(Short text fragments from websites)

......

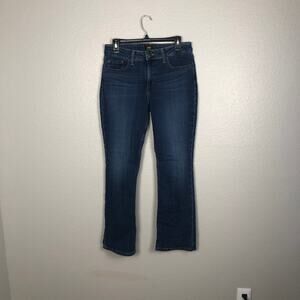 Vintage Lee Women's Bootcut Leg Mid-Rise Blue Jeans Denim Size 10 Short 5-Pocket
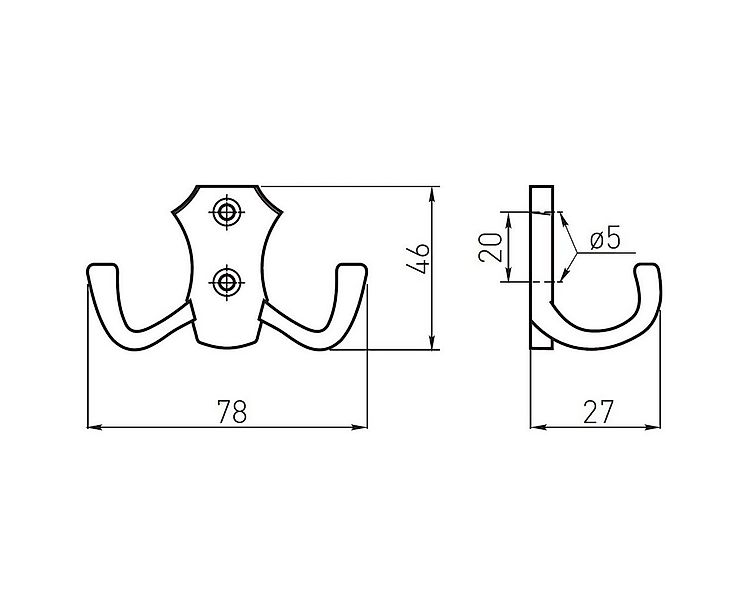 MS Beschläge Kleiderhaken Kleiderhaken Mantelhaken WP89 Handtuchhalter Zama günstig online kaufen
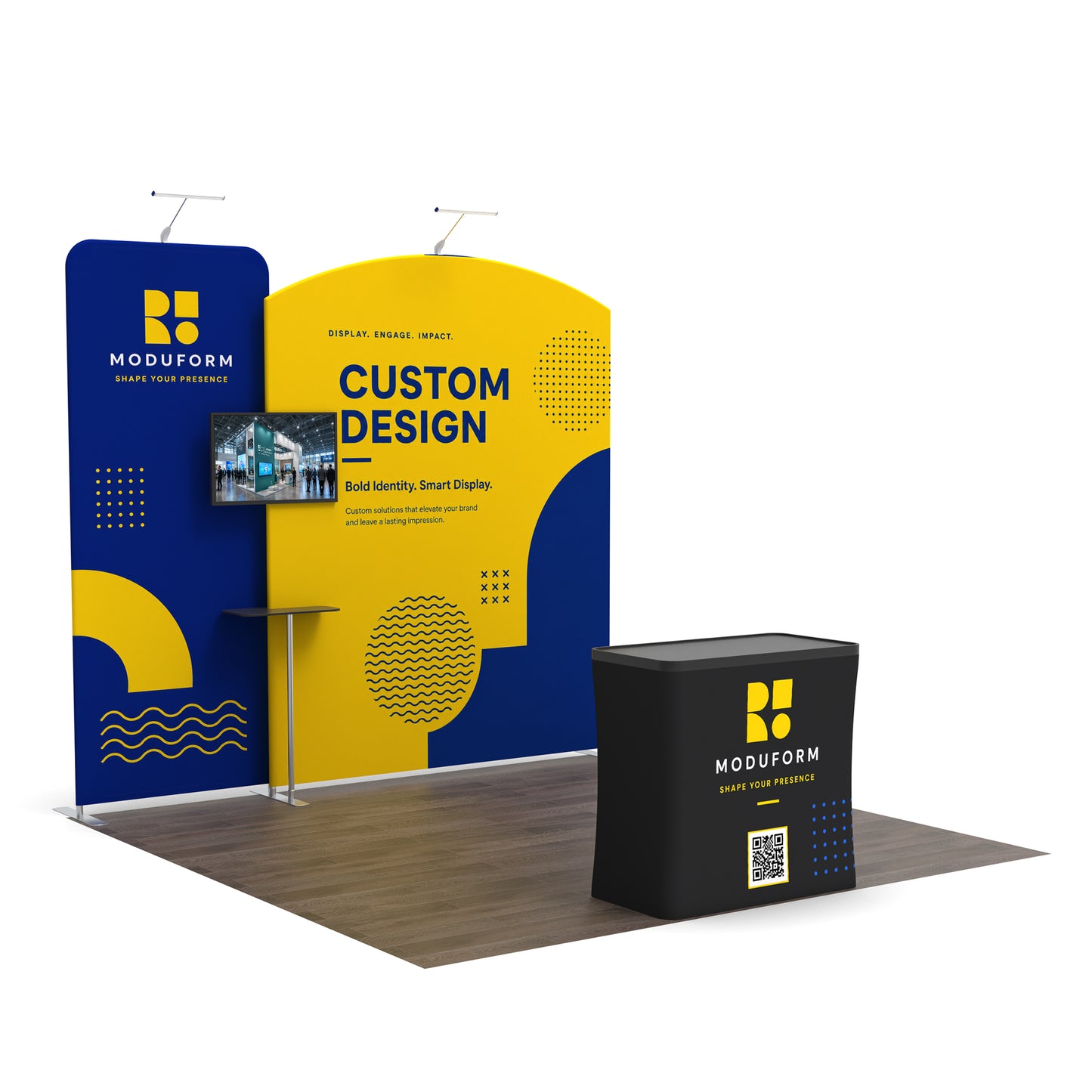 10x10 Media-Ready™ Modular Trade Show Booth Display F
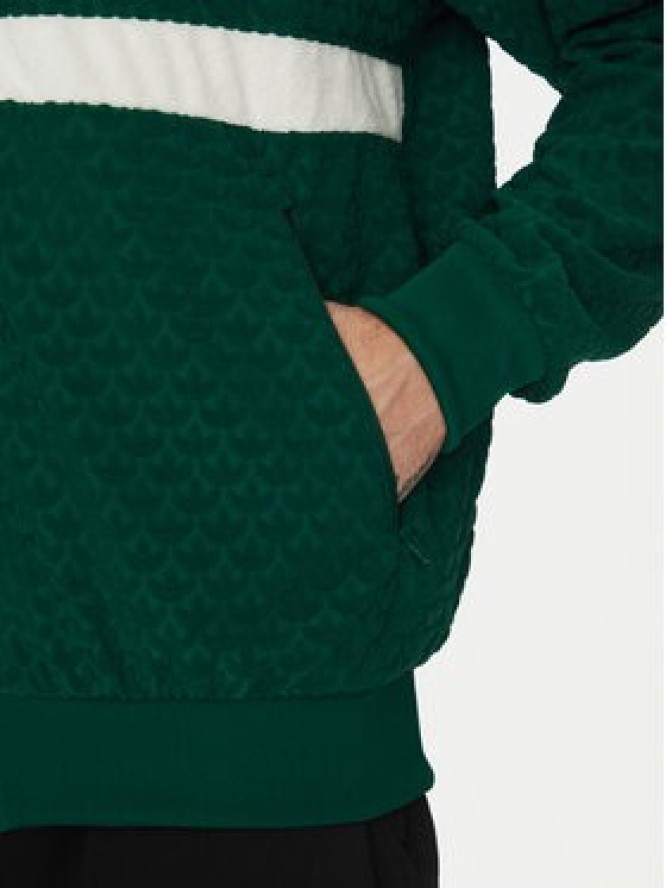 adidas Bluza Monogram JD0696 Zielony Loose Fit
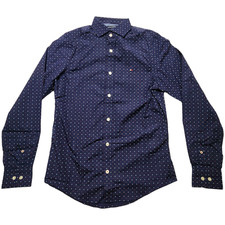 Tommy Hilfiger Men's Long Sleeve Dress Shirt Size XS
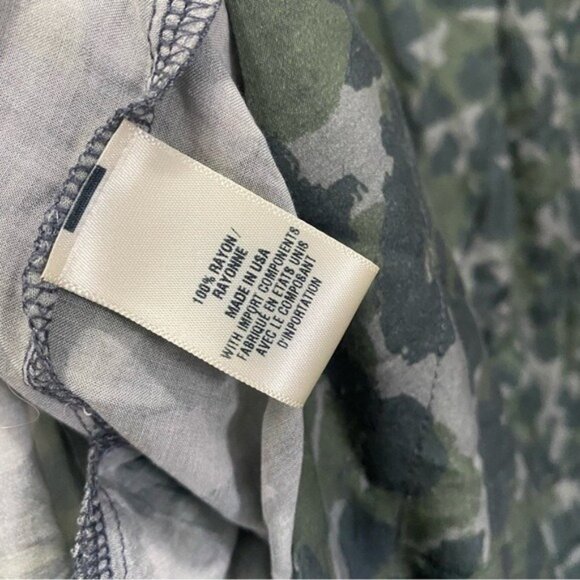 Anthropologie Cloth & Stone Nina Camo Mini Shirtdress Green Size Small Sz Small - Picture 5 of 6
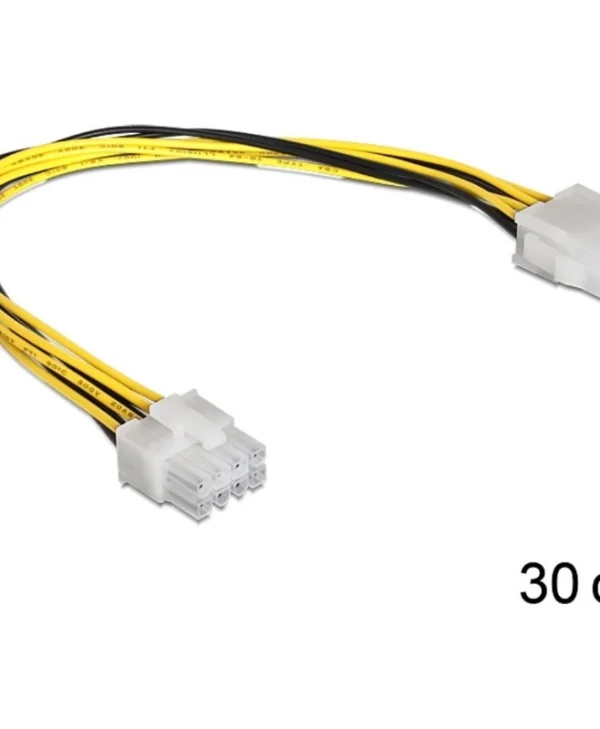 DeLock 8-Pin EPS - 8-Pin EPS Cable 0.3m Πολύχρωμο 83342 83342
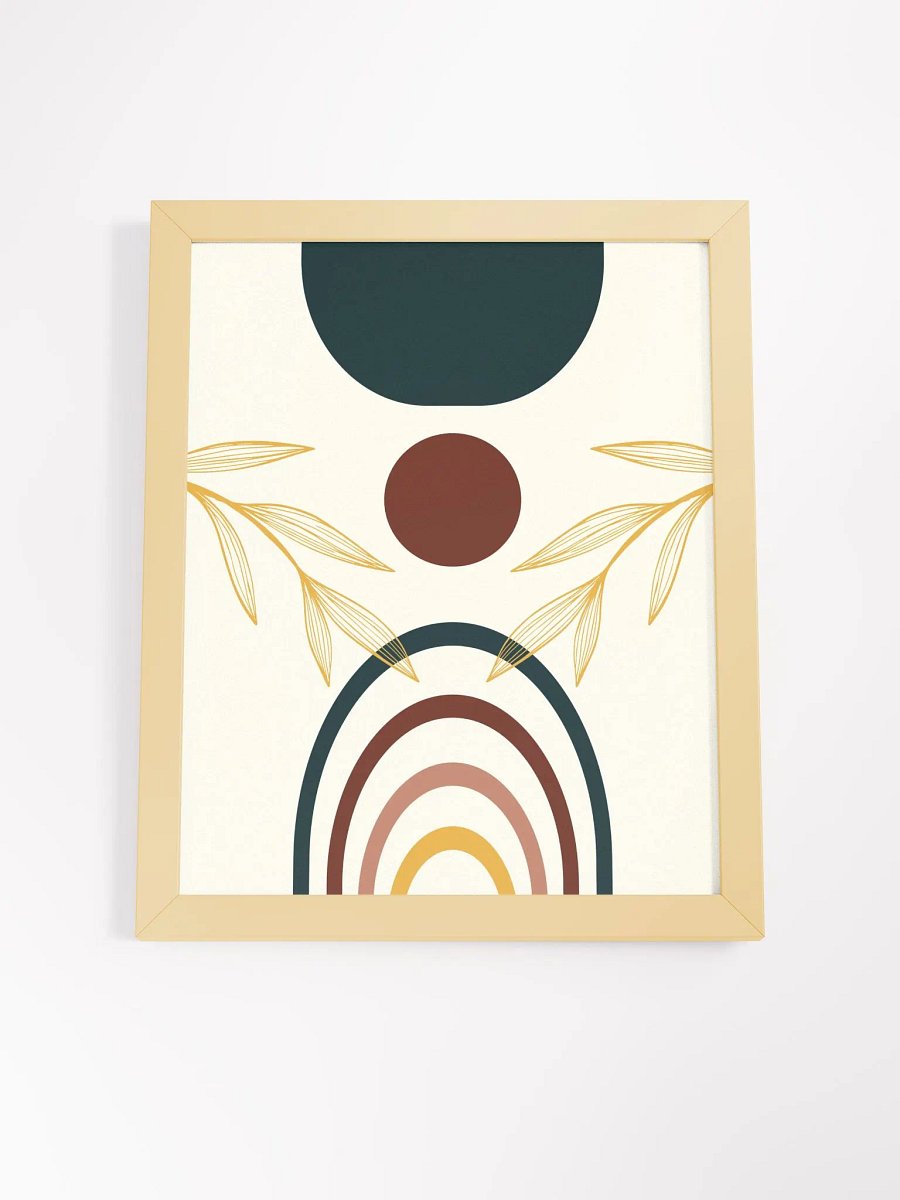 Eco-Friendly Matte Poster: Abstract Leaves product image (66)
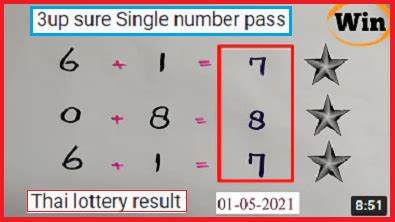thai lottery 3up direct pass formula|Thai Lottery .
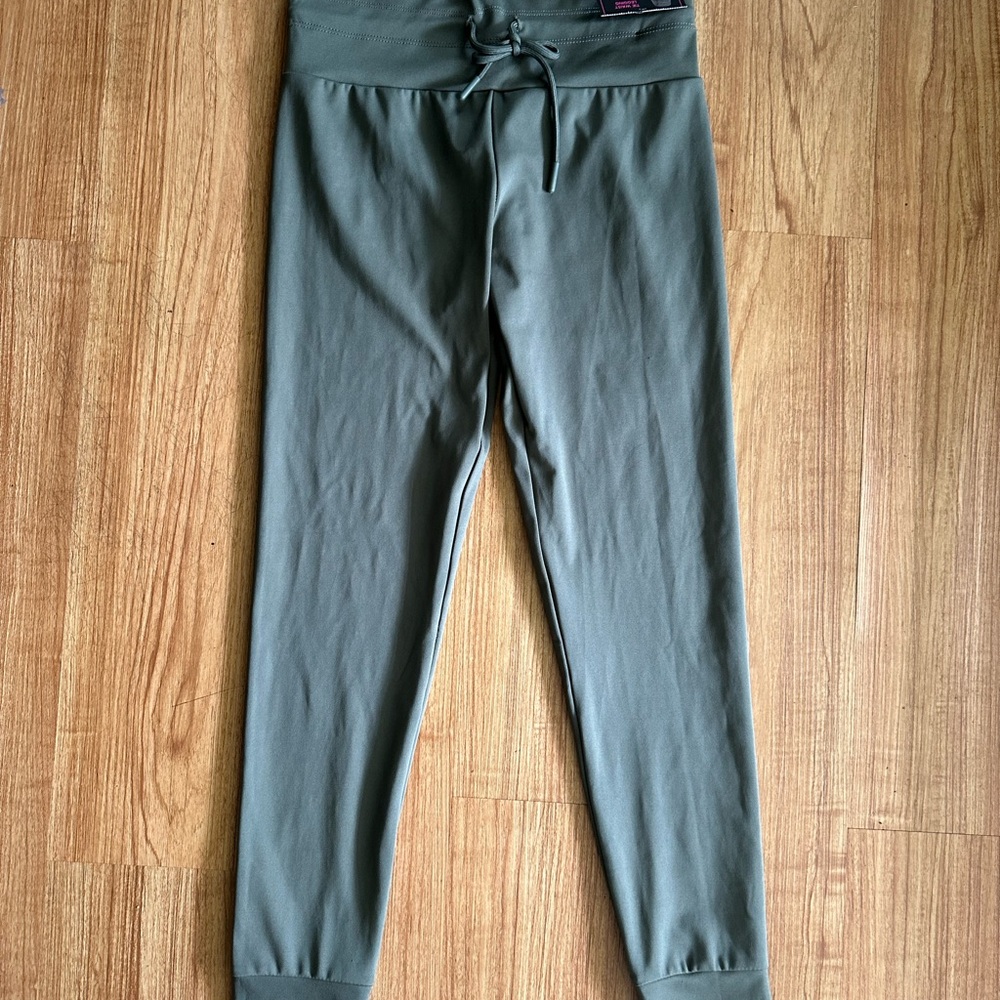 No Boundaries Tie Waist High Rise Wome’s Leggings S Midnight Green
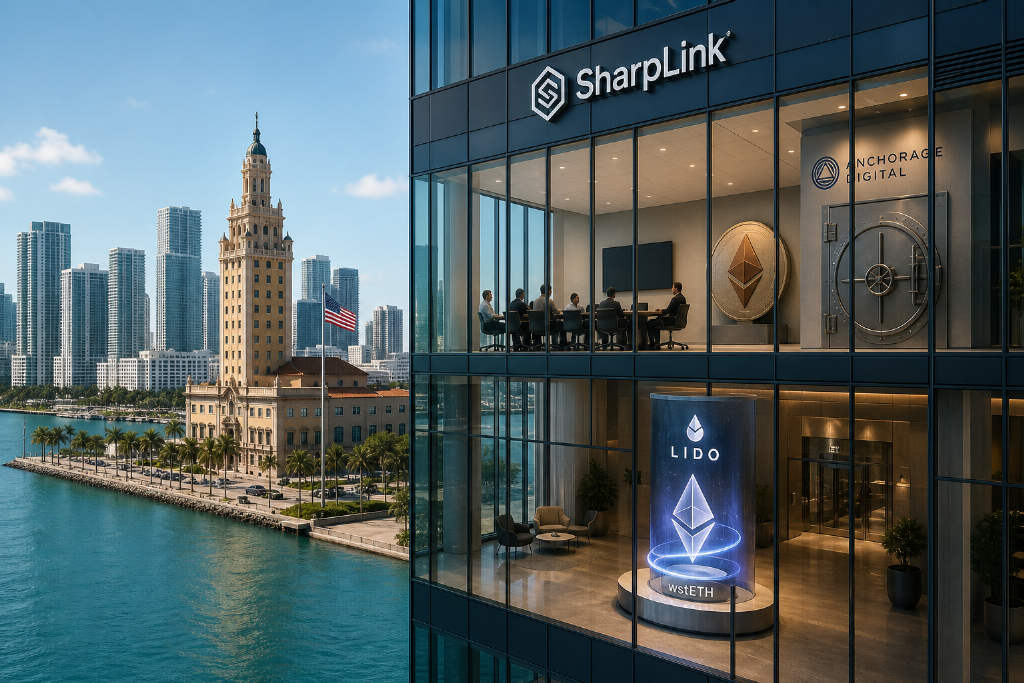 SharpLink将把2亿美元以太坊通过Lido质押为wstETH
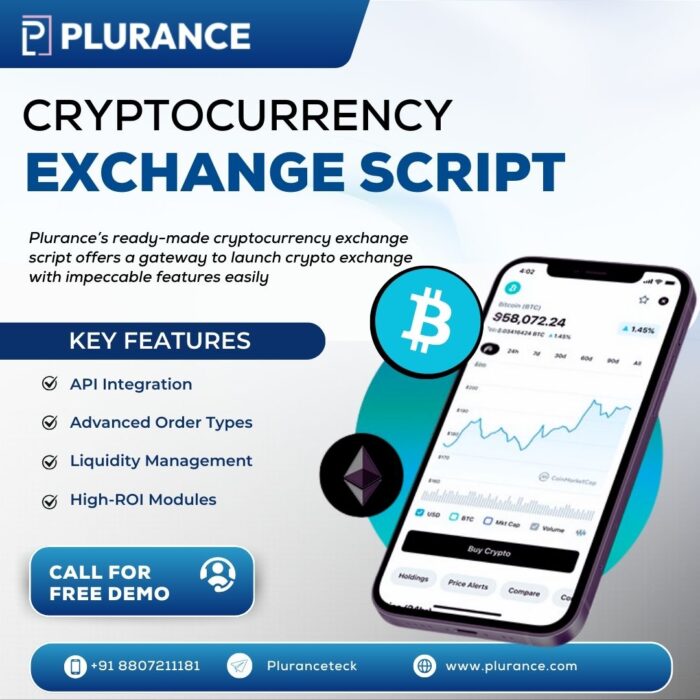 Plurance – Cryptocurrency Exchange Script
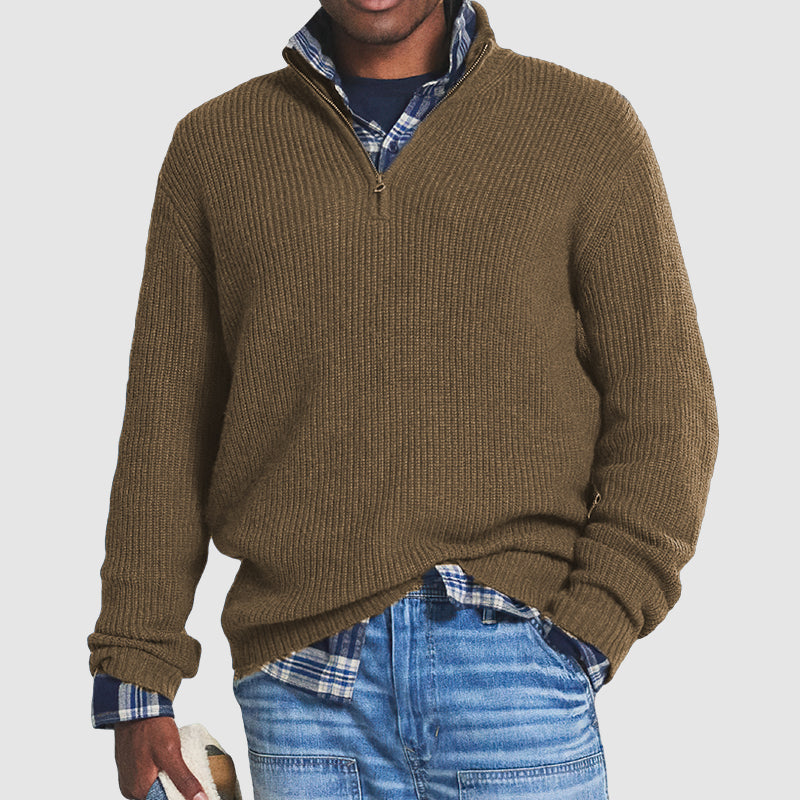 Hannes Casual Sweater met rits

......

Repeat the records exactly, without the pictures.

- Result below
 Vintage Lee Women's Bootcut Leg Mid-Rise Blue Jeans Denim Size 10 Short 5-Pocket
 MS Beschläge Kleiderhaken Kleiderhaken Mantelhaken WP89 Handtuchhalter Zama günstig online kaufen
 10x10 Media-Ready™ Modular Trade Show Booth Display F
 adidas Bluza Monogram JD0696 Zielony Loose Fit
 Tommy Hilfiger Men's Long Sleeve Dress Shirt Size XS
 Anthropologie Cloth & Stone Nina Camo Mini Shirtdress Green Size Small Sz Small - Picture 5 of 6
 DeLock 8-Pin EPS - 8-Pin EPS Cable 0.3m Πολύχρωμο 83342 83342
 Eco-Friendly Matte Poster: Abstract Leaves product image (66)
thai lottery 3up direct pass formula|Thai Lottery .
 No Boundaries Tie Waist High Rise Wome’s Leggings S Midnight Green
 SharpLink将把2亿美元以太坊通过Lido质押为wstETH
 Plurance – Cryptocurrency Exchange Script
 Hannes Casual Sweater met rits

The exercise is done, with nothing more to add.